Creative Method To Obtain All The Weights

Relevant wiki: Systems of Linear Equations - Problem Solving

Each of the boys is on the scale a total of 4 times, so the sum of the 10 weighings will be 4 times the weight of the 5 boys together. As the sum of the given values is $1056$ kg, we know that the sum of the weights of the 5 boys is $1056/4 = 264$ kg.

Letting $x_{k}, 1 \le k \le 5$ , be the weights of the 5 boys in ascending order, we have that

$x_{1} + x_{2} + x_{3} + x_{4} + x_{5} = 264, x_{1} + x_{2} = 86, x_{4} + x_{5} = 127$ and $x_{3} + x_{5} = 119$ .

Then $x_{3} + x_{4} + x_{5} = x_{1} + x_{2} + x_{3} + x_{4} + x_{5} - (x_{1} + x_{2}) = 264 - 86 = 178$ ,

and so $x_{4} = x_{3} + x_{4} + x_{5} - (x_{3} + x_{5}) = 178 - 119 = \boxed{59}$ kg.

Let the weights of the boys be $a<b<c<d<e$ . From the question ,we have

$a+b=86\\a+c=92\\c+e=119\\d+e=127$

This implies that

$e=a+27\\c=b+6\\d=c+8$

Now, consider the sum resulting in 96. It is either $a+d$ or $b+c$ . Clearly it cannot be $a+d$ as $d=c+8$ . Hence $b+c=96 \Rightarrow b=a+4\Rightarrow e=d+9$ . Thus, we have $d = a+18$ .

Solving the very first equation, $a+b=86$ , we have $2a+4=86\Rightarrow a=41\Rightarrow d = a+18=59$ .

Now, let the weights of the boys be $a,b,c,d,e$ . The weights here are arranged in ascending order.

Each boy will be weighed $4$ times within the $10$ weighings. This means that if we add up all the $10$ measurements, we get

$4(a+b+c+d+e) = 86+92+96+100+104+109+110+113+119+127\\ a+b+c+d+e = \dfrac{1056}{4} = 264$

Now, we know that the smallest measurement is for $a+b$ , and the largest measurement is for $d+e$ . This gives:

$a+b = 86\quad\quad\quad d+e=127$

Substitute these two into the equation above:

$86+c+127 = 264 \implies c = 51$

Notice that the second last sum must be $c+e$ . This is because $c+e > c+d$ and $c+e > b+e$ . Therefore,

$c+e = 119\\ 51 + e = 119\\ e= 68$

Now, we can find the weight of the second heaviest boy, which is $d$ :

$d+e = 127\\ d+68=127\\ d=\boxed{59}$

Note: In a similar method, you can use the first two sums to find $a$ and $b$ . The answer would be $a=41,\;b=45$

I guess I took a shortcut. Total weight of the four boys is 264 (add the 10 numbers together and divide by 4, since each boy is part of 4 pairs). Subtract out the top two (127) and the bottom 2 (86 - NOT 82 as shown in the graphic!). This means the middle boy weighs 51.

The maximum weight for the heaviest is 70 (none can weigh more than 70, or they would be weighed on their own and eliminated from the problem).

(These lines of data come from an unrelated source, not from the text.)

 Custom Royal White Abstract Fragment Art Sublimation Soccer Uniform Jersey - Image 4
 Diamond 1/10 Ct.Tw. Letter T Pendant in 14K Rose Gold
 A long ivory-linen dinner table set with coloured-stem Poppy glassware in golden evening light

This means the minimum weight of the second heaviest is 127 - 70 = 57. The maximum weight for the second heaviest would be 63, since 127/2 = 63.5.

The possible weights of the second heaviest or then 57. 58. 59, 60, 61, 62, and 63. Knowing that the middle one weighs 51 and knowing all the pairs of weights, we can whittle the possibilities down to 58, 59, and 62. There is no other numbers on the list of possibilities that when combined with 51 equal one of the 10 results.

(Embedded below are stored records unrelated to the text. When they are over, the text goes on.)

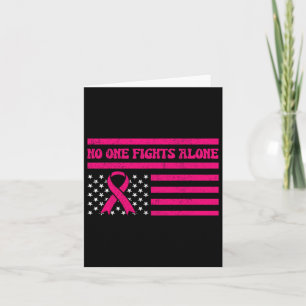 Nobody Fights Breast Cancer Alone American Flag Pi Card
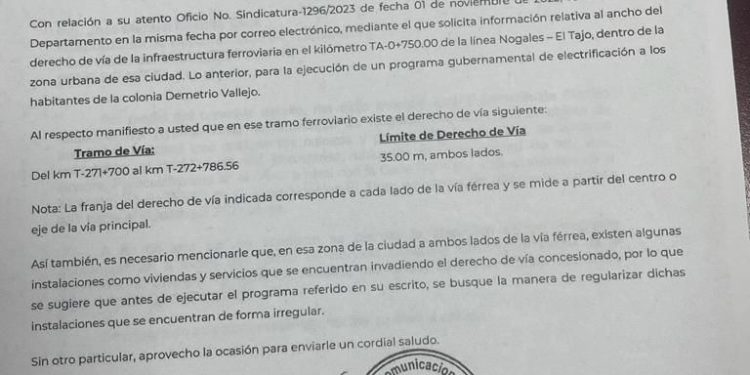 Invadido, derecho de vía en Nogales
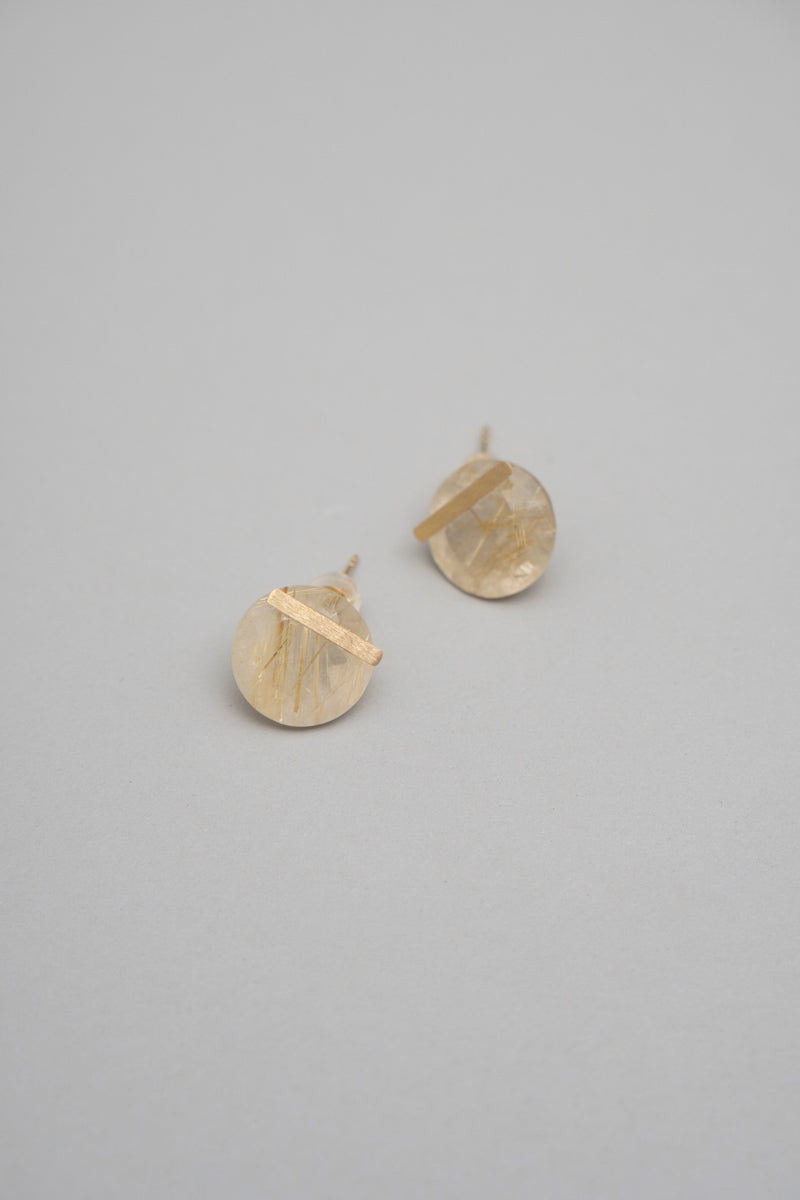 MONAKA jewelery Golden rutile quartz bar stone pierce Pierce/K18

This means the heaviest boy weighs 65, 68, or 69. Only 68 will work as neither of the other two possibilities when combined with 51 equal one of the ten results.

So the second heaviest weighs 127 - 68 = 59. Basic arithmetic that can all be done in the head - didn't even need a pencil.